▶ **TASK INSTRUCTIONS**:
Please give back, word for word, only the lines starting at the one containing "Load image into" and ending at the one containing "Karen Eisenhauer of" within the material below.

* * *

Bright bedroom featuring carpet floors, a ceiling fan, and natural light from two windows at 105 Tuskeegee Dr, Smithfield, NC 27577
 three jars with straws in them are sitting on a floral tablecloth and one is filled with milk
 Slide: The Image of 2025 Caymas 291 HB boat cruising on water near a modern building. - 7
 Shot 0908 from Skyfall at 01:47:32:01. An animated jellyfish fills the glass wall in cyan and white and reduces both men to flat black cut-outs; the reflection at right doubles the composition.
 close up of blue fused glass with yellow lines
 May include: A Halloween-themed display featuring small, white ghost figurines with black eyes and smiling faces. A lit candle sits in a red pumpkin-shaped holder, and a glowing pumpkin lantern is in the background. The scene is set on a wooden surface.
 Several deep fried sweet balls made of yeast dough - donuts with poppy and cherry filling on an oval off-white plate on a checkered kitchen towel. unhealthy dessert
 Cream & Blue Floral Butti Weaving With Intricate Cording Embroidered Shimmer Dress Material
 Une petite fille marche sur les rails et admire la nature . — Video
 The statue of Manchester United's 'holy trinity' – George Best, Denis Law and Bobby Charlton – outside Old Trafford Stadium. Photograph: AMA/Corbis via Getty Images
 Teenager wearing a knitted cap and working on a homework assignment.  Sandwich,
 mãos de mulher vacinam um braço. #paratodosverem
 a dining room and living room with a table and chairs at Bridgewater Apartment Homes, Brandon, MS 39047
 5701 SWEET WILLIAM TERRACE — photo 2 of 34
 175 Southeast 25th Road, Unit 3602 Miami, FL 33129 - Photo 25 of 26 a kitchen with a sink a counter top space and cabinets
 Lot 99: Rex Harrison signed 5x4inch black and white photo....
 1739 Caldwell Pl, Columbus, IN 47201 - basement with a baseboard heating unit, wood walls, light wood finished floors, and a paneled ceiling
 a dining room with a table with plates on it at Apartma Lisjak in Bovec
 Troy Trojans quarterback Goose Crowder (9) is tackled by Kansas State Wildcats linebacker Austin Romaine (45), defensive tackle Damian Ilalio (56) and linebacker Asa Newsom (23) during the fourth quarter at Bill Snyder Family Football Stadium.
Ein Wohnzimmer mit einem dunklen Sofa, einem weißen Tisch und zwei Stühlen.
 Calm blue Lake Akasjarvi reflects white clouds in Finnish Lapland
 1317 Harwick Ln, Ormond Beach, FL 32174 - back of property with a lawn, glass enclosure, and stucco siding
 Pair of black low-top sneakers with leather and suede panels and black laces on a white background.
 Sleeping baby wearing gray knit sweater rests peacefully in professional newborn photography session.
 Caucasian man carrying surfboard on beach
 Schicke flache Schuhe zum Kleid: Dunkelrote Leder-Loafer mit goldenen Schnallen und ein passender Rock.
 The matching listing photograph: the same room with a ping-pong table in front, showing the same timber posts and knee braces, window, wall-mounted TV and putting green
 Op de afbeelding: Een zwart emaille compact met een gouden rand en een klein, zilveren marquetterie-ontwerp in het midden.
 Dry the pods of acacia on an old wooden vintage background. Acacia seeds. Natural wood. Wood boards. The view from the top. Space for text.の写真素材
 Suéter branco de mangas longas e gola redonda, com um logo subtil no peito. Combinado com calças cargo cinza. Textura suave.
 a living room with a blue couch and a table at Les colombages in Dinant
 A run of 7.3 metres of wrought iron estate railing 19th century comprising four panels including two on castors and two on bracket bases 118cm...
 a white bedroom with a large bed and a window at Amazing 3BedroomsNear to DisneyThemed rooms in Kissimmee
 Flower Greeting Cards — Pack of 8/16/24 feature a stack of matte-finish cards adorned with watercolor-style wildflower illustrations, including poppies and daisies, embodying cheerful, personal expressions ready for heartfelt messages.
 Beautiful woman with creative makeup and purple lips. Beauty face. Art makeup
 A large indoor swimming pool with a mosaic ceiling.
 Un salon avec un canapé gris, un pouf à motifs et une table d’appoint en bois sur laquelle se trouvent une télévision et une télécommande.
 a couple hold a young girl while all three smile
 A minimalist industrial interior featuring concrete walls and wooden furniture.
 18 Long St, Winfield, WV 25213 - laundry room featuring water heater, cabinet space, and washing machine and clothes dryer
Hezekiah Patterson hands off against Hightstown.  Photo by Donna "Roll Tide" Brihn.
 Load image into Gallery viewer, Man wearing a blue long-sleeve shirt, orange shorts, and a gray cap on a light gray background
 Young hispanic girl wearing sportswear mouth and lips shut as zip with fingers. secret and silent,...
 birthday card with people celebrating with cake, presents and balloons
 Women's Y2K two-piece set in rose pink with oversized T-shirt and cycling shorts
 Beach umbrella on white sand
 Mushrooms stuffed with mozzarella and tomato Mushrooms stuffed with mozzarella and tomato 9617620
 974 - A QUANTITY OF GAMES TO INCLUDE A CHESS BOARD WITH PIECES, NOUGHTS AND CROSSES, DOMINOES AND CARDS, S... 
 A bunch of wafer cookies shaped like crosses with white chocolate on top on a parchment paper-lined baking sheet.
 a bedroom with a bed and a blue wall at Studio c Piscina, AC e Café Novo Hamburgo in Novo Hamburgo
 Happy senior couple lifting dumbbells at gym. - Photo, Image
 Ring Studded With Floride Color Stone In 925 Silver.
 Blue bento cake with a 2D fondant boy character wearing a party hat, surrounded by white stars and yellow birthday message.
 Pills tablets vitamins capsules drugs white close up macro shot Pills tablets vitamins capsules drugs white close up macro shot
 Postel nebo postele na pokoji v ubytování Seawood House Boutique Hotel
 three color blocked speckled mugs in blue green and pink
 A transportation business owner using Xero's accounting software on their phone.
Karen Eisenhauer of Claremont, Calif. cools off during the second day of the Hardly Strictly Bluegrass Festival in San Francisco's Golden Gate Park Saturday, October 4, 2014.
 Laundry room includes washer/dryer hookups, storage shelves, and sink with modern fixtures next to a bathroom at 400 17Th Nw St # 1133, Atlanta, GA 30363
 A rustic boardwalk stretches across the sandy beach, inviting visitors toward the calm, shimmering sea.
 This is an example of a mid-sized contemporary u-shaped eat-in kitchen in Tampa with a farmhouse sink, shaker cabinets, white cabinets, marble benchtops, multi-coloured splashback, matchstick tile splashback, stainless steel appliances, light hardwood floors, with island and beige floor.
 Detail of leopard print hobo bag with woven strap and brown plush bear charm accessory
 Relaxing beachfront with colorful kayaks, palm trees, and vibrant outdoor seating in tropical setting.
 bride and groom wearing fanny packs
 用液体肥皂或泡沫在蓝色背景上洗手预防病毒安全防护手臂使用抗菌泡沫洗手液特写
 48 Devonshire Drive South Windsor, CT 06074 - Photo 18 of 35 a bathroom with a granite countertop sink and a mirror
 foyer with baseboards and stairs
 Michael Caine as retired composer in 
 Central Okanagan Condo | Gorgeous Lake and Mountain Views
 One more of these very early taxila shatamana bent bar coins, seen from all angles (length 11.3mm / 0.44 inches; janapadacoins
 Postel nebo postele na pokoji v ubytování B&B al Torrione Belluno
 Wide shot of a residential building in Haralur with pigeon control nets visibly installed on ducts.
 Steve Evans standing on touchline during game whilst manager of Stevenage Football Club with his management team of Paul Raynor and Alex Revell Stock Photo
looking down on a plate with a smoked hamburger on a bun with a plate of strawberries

* * *

▶ **OUTPUT OF THE EXERCISE**:
 Load image into Gallery viewer, Man wearing a blue long-sleeve shirt, orange shorts, and a gray cap on a light gray background
 Young hispanic girl wearing sportswear mouth and lips shut as zip with fingers. secret and silent,...
 birthday card with people celebrating with cake, presents and balloons
 Women's Y2K two-piece set in rose pink with oversized T-shirt and cycling shorts
 Beach umbrella on white sand
 Mushrooms stuffed with mozzarella and tomato Mushrooms stuffed with mozzarella and tomato 9617620
 974 - A QUANTITY OF GAMES TO INCLUDE A CHESS BOARD WITH PIECES, NOUGHTS AND CROSSES, DOMINOES AND CARDS, S... 
 A bunch of wafer cookies shaped like crosses with white chocolate on top on a parchment paper-lined baking sheet.
 a bedroom with a bed and a blue wall at Studio c Piscina, AC e Café Novo Hamburgo in Novo Hamburgo
 Happy senior couple lifting dumbbells at gym. - Photo, Image
 Ring Studded With Floride Color Stone In 925 Silver.
 Blue bento cake with a 2D fondant boy character wearing a party hat, surrounded by white stars and yellow birthday message.
 Pills tablets vitamins capsules drugs white close up macro shot Pills tablets vitamins capsules drugs white close up macro shot
 Postel nebo postele na pokoji v ubytování Seawood House Boutique Hotel
 three color blocked speckled mugs in blue green and pink
 A transportation business owner using Xero's accounting software on their phone.
Karen Eisenhauer of Claremont, Calif. cools off during the second day of the Hardly Strictly Bluegrass Festival in San Francisco's Golden Gate Park Saturday, October 4, 2014.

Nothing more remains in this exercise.